I'm willing to hear any advice on this one! THANKS!


----------



## lauraleellbp (Feb 3, 2008)

82 F will work OK, you just also need to be sure to use a medication to kill off the ich as IME it's not quite high enough to rely on temp alone.

You CAN treat ich just at "normal" temps- increasing the temp just makes the treatment go faster since it makes the ich move through their lifecycles more quickly and therefore more quickly be exposed to the meds at the right stage and killed.


----------



## Karackle (Dec 11, 2007)

I think we DO have ich meds on hand but I didn't want to use them because it's so hard to get the dose right on a 5g. I'll see how the addition of the second heater works if that pushes the temp up at all. I also have salt, but does that only work/help if the temp is at 86?


----------



## lauraleellbp (Feb 3, 2008)

No, salt can help no matter the temp- salt will kill ich and can also help prevent 2ndary infections in the wounds left behind on the fish by the parasites.

What dosing instructions do you have for the med you do have? You may be able to mix up a dosage in a bit of water as if it were for a 10gal tank, then just add 1/2 of that to your tank.


----------



## AquaStudent (Jan 4, 2011)

Everything Laura said is exactly what I've heArd. Keep is updated on his condition


----------



## chad320 (Mar 7, 2010)

Yeah Kara, the salts are better than meds IMO. The meds tend to over stress an already stressed fish. Try to feed him well through the process to keep him happy.


----------



## sewingalot (Oct 12, 2008)

Kara, I have a few spare heaters laying around, do you want me to ship one up to you? Let me know and I'll have it on the next plane. Laura, do bettas tolerate salt well? I've often just used the heat method to get rid of ich (thankfully it has been many years ago). I do agree with Chad on medications. I only like to use them as a last resort.


----------



## Karackle (Dec 11, 2007)

Thanks everyone for the input and concern, I really appreciate it! 
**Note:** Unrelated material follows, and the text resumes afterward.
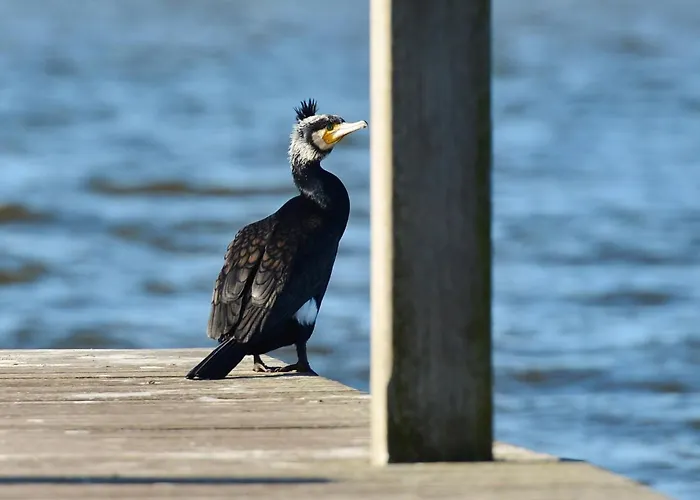 Royale Cube Mit Dachterrasse Meerblick Und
A quick update, Mr Betta seems to be doing fine, the tank was still only at 82 this morning so I moved him with some plants, his filter and an airstone into a ~3g kritter keeper. The good news is that the heater is powerful enough to heat the smaller tank to 86, the bad news is that even though i had turned it down a few clicks to account for the smaller volume, the tank was at almost 92 when I got home (so thank you for the offer Sara, I really appreciate it but I think we're good ). As I already said, mr. betta face is fine, he even ate dinner as voraciously as ever. Needless to say, I turned the heater down and removed a little bit of water and replaces it with some slightly cooler water and added a bit of salt. Some of the plants may not have appreciated the high temps, but we shall see.
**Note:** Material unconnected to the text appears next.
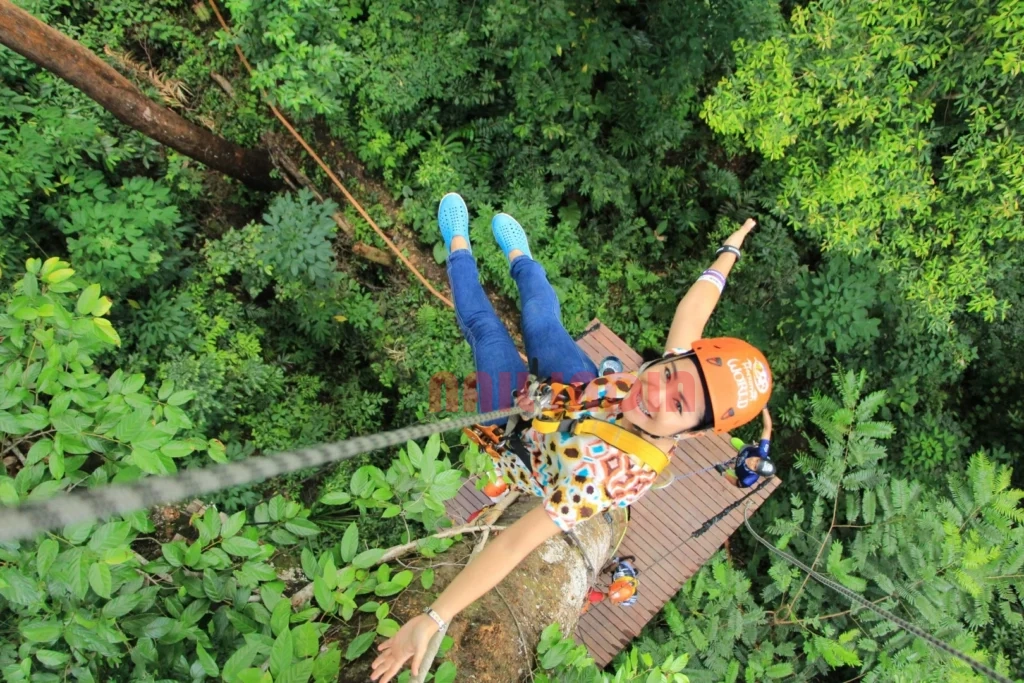 Woman enjoying a thrilling zipline experience in Phuket, Thailand's vibrant green forest.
So the plan now is to let him hang out in his hot tub for a couple days while I nuke the 5g with ich meds and do some water changes and vacuum out any debris. I think what happened was that some leaves on the large crypt (which may have been the source of the ich because it came from the pet store, though i know it can also just be in tap water) melted but it was so lush I didn't see them and the water got just a bit fouled allowing the ich to take over. 

What is the standard protocol for how long I should leave him at 86? It looks like the spots are already gone (with the temp at 92 that's maybe not surprising....oops!)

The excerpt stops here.